刘熙载将“志”视为文艺作品的核心内容,提出“古人因志而有诗”“‘文辞志合而为诗”(《艺概·诗概》)和“古人言必由志也”(《艺概·赋概》)。他认为志向是文章中最关键的部分,即“志者,文之总持。文不同而志则一”(《艺概·文概》)。此外,他认为历代作家创作时虽然采取的形式不同,但其用意相同,目的在于讽谏与言志。

刘熙载认为文艺作品是作者情感的结晶,蕴涵着作者之志。对于赋,他提出“余谓赋无往而非言志也”(《艺概·赋概》),对于词,他认为咏古词、咏物词“隐然只是咏怀,盖其中有我在也”(《艺概·词曲概》)。他引用陶渊明的话“常著文章自娱,颇示己志”来支持自己的观点。书法是文字的外在书写形式,刘熙载同样认为书法是作者心志的表现,即“写字者,写志也”(《艺概·书概》)。“意”是书法的最高审美原则,其本质是寄托作者的思想与情感。经义之文也是作者情志的表现,“观其文,能得其人之性情志尚于工拙疏密之外”(《艺概·经义概》)。由此可知刘熙载继承了儒家的“言志”论,并将其引入一切文艺之中。

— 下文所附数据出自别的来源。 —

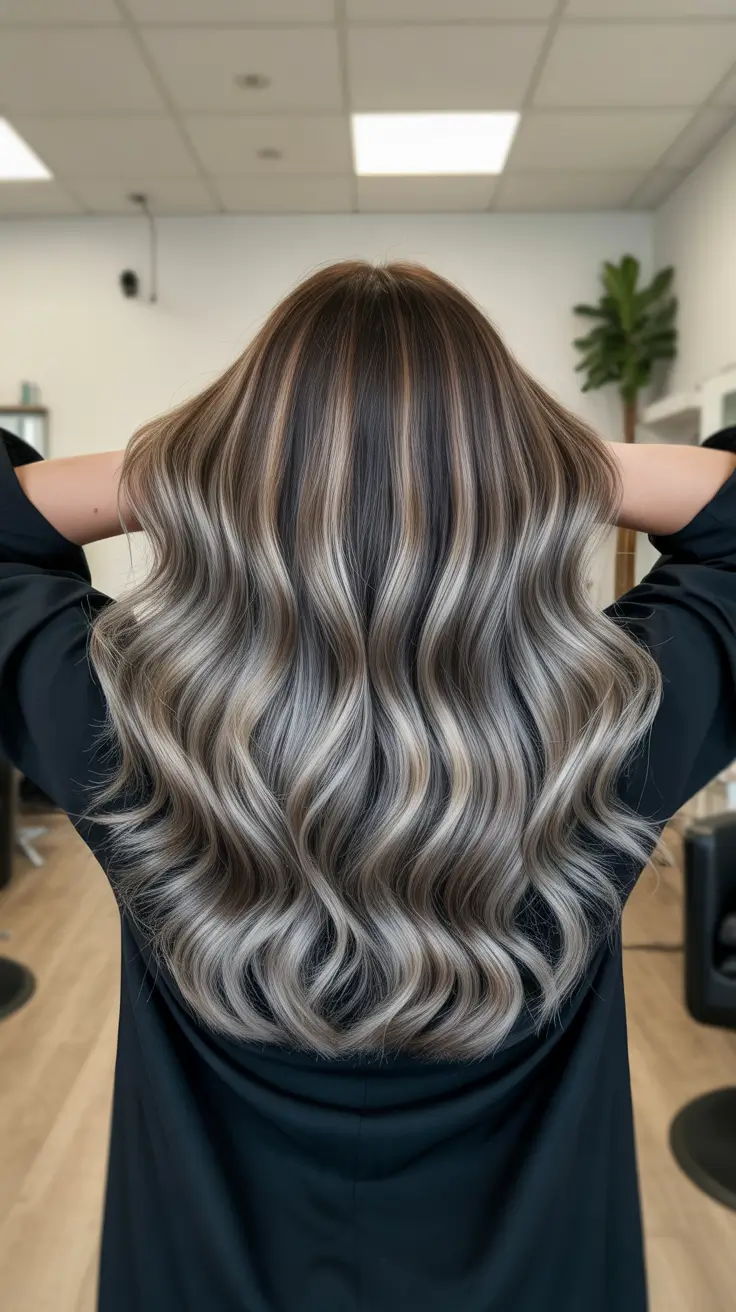 balayage de cor de cabelo longo de inverno Balayage em tom prateado com profundidade escura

作品所表现出的“志”必须是作者心灵的真实表达,“诗可数年不作,不可一作不真”(《艺概·诗概》),因此作品应抒写作者的真性情。作者因有了感情而产生文辞,那么读者就自然因为阅读文章而产生感情,文章与情感相匹配才是好的作品并能感动读者。他推崇陶渊明的作品,陶渊明的诗歌超过他人的原因就在于“真率”。刘熙载延续了“言志”的传统,并强调优秀的作品应表现出作者真挚的感情。此外,他还辨别了“情”与“欲”,“流俗误以欲为情,欲长情消,患在世道”(《艺概·词曲概》),要求作品应表现忠孝节义之情,体现出其深刻的见解。

对于历代作品,刘熙载还推崇杜甫的诗歌,因为杜诗的过人之处在于“性情真”,通过其诗歌能够看到他的性情气骨。杜甫能够深入民间,亲眼看到平民的疾苦,并且感同身受,因而能真情实感地替普通百姓代言。刘熙载将“不敢要佳句,愁来赋别离”作为杜诗的全部主旨,表明他要求文学作品重在抒写真性情的观点。

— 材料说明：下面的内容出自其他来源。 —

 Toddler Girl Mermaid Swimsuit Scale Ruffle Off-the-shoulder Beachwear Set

刘熙载对杜诗的推崇不仅在于他能够抒写真性情,还在于“少陵一生却只在儒家界内”(《艺概·诗概》)。儒家文艺思想有“发乎情,止乎礼义”的传统,诗歌创作源于情感,但必须受到礼义的规范与约束。刘熙载作为传统的儒者,自然也以“发乎情,止乎礼义”来要求文学作品,因此他提出作品重在抒发自己的思想感情,应把正直、温和、宽宏、庄重作为根本,否则思想感情便会放纵,作者应首先在内保持自己的思想感情,在外维持讽喻教化并遵从它。他认为苏轼、辛弃疾都是至情至性之人,因而他们的作品潇洒、卓荦,这些都源于“温柔敦厚”,好的文学作品应感情真挚同时又符合“温柔敦厚”的诗教传统。

四、“物”“我”关系

刘熙载推崇“言志”,但同时他也表明了物象的重要性。他提出“诗无气象,则精神亦无所寓矣”(《艺概·诗概》)和“余谓志因物见”(《艺概·赋概》),表明人的志向与精神需要通过具体的物象来体现。他还提出“诗为天人之合”(《艺概·诗概》)和“铺,有所铺,有能铺。迹,其所;心,其能也。心迹本非截然为二”(《艺概·赋概》),由此可知文艺作品应是“物”与“我”的结合,作品中应将描述物象与抒发情感相结合。他指出,文学是作家情志的体现,而这种情志要借助“物”来表现,因此文学创作的本质是主客体相统一。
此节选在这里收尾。